AND another thing we can blame those Russians for! I’m talking about the lost year for Salisbury’s Neighbourhood Plan, work on which was just starting when the Novichok attack redirected everyone’s energies.

The current rush to relocate our library and the resulting hoo-ha (5,000 signatures and counting) are direct consequences.

Residents have had no chance to say how they’d like to see this happen, if at all, or how it should fit in with the rest of the Maltings and central car park redevelopment.

Not that their opinions would necessarily be heeded, but a figleaf of democracy is always welcome.

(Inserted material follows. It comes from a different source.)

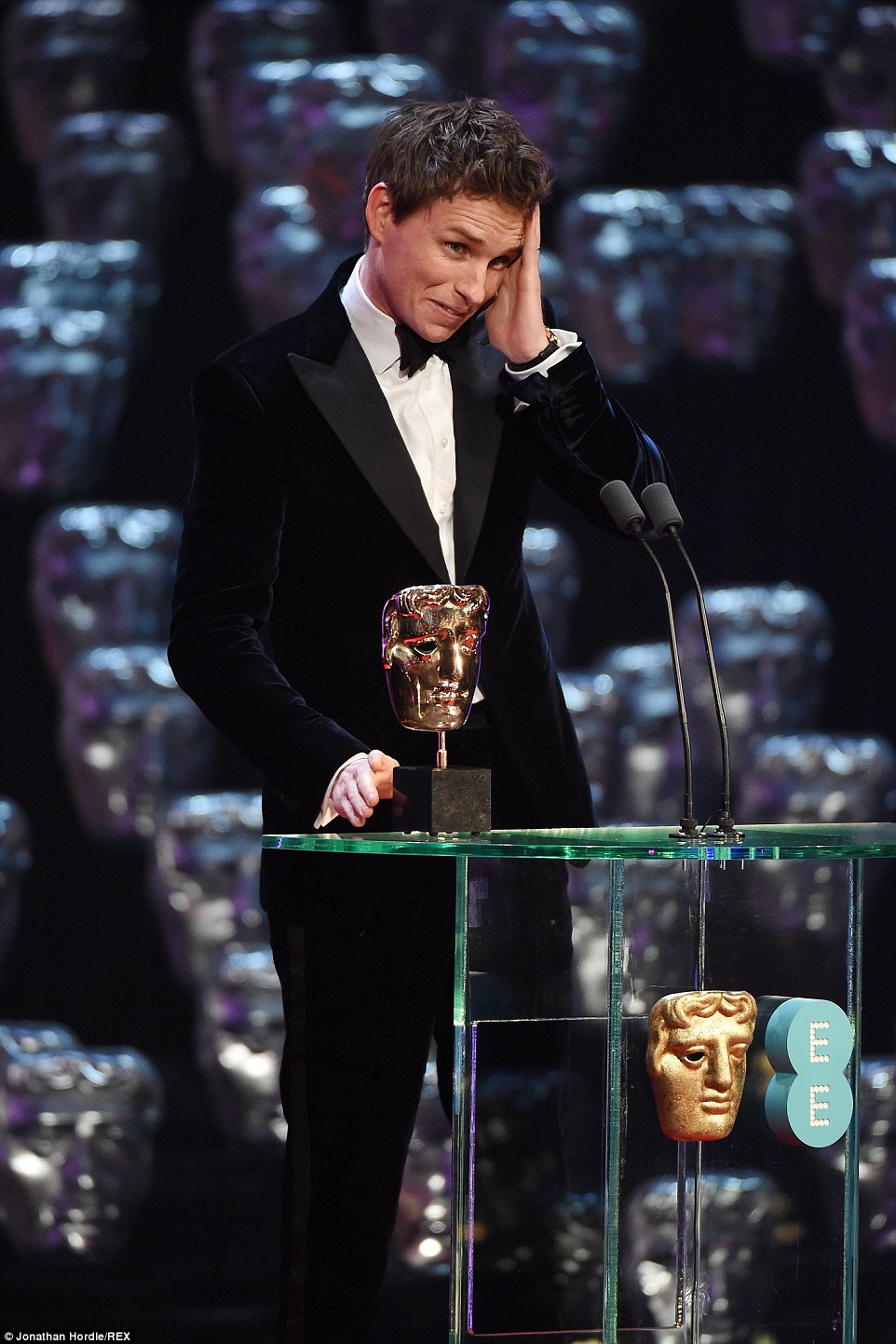 Nam diễn viên Eddie Redmayne xúc động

As it is, they’ve been asked to take on trust something that will have a huge impact on their city centre, without sight of a master plan. Because there isn’t one.

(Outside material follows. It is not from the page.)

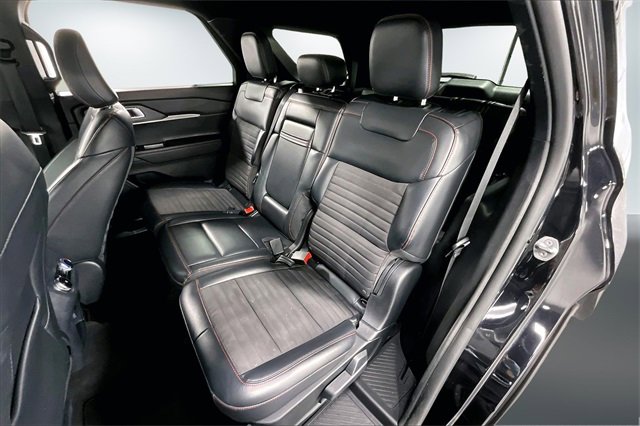 Used 2025 Ford Explorer ST-Line w/ ST-Line Street Pack image 22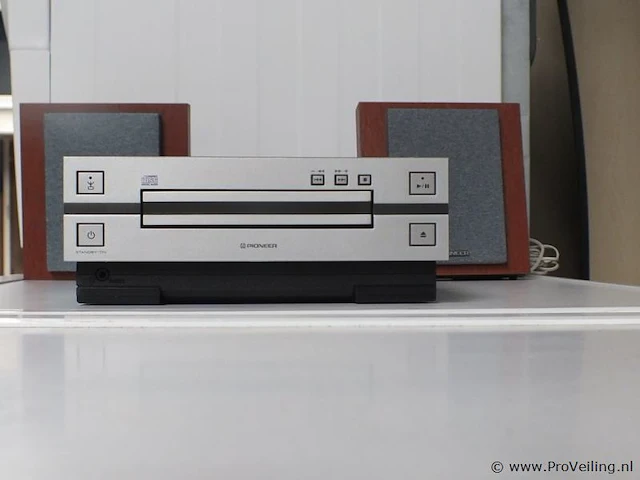 Pioneer cd speler - afbeelding 1 van  2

Trust is the key word here.

It’s not a party political issue, but the chairman of Salisbury Labour Party, Steve Fear, got it right when he said that the real problem with moving the library temporarily is the lack of trust that it will end up with a new permanent home just as good as the current one.

Suspicion of those who govern us is a major problem nationally.

Why would that surprise anyone?

There were two wonderful quotes at last week’s Guildhall meeting on relaunching the neighbourhood planning process.

“You know best what Salisbury needs,” the city council’s impressive consultant, Andrea Pellegram, told the assembled councillors, business and community group representatives and members of the public.

The impact of which was rather spoilt by her previous remark: “Unfortunately, planning is not a democratic process.”

Don’t we know it!

Whatever. We’re having a steering group of six city councillors and six community representatives to direct proceedings.

They’ll consult everyone about “local priorities and opportunities.”

Problem one: Most of the new housing going up around here lies officially outside the city, in neighbouring parishes which will trouser any cash coughed up by the builders to fund better facilities.

So when the People’s Priorities are identified, there may be no money for them.

What next? Consultants and Wiltshire Council will identify key themes for us to focus on. Yes, Wiltshire. Because we mustn’t ask for anything that isn’t in line with Trowbridge policies.

Then we can all get involved in writing topic papers and carrying out more consultations.

After that, the city council must hold even more consultations with the entire community, somehow.

Problem two: The same process applies to the ‘parish’ of Salisbury as to any tiny village, even though the city has many neighbourhoods.

The resulting plan will be submitted to Wiltshire, which will hold ANOTHER consultation and appoint an independent examiner to check it over.

Finally, there’ll be a city referendum. Two years hence, if we’re lucky. Phew!

I’ve been nagging for years about a Neighbourhood Plan, hoping it would give Salisbury a bigger say over development and countryside protection. I genuinely want it to succeed.

But with Ms Pellegram telling the meeting she “usually tries to steer clear” of transport issues, which many see as the city’s biggest problem, it would be naïve to pin too many hopes on the project.